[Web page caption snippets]
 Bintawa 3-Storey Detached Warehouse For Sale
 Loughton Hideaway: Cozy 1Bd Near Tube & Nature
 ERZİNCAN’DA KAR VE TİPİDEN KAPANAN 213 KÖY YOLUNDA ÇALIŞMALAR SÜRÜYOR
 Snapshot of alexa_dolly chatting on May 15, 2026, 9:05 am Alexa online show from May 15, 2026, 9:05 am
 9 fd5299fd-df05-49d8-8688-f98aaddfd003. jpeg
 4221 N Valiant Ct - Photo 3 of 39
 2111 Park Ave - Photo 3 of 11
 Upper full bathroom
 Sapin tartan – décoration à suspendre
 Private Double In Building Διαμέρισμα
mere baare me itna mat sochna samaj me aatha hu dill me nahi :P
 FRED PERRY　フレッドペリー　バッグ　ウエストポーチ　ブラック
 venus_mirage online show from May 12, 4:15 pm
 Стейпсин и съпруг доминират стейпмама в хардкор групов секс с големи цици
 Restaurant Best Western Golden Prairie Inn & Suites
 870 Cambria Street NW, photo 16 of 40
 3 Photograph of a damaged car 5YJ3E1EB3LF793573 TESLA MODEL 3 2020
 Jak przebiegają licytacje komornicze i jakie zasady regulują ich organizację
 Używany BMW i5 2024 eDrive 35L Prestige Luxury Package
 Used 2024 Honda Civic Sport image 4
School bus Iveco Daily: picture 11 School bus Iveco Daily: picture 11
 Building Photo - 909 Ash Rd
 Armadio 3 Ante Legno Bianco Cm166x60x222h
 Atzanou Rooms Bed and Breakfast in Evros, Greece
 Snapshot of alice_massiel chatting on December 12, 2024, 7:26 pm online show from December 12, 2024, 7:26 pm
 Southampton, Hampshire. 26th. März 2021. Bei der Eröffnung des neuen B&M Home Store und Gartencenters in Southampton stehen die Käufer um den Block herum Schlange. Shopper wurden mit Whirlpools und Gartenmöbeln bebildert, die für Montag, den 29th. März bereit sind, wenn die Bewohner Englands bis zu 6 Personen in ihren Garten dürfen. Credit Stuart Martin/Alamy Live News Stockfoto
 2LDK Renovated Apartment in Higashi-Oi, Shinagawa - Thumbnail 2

| Problem description |
Your response should contain each line of the entries above that holds the string "from".

| Response to this exercise |
 Snapshot of alexa_dolly chatting on May 15, 2026, 9:05 am Alexa online show from May 15, 2026, 9:05 am
 venus_mirage online show from May 12, 4:15 pm
 Snapshot of alice_massiel chatting on December 12, 2024, 7:26 pm online show from December 12, 2024, 7:26 pm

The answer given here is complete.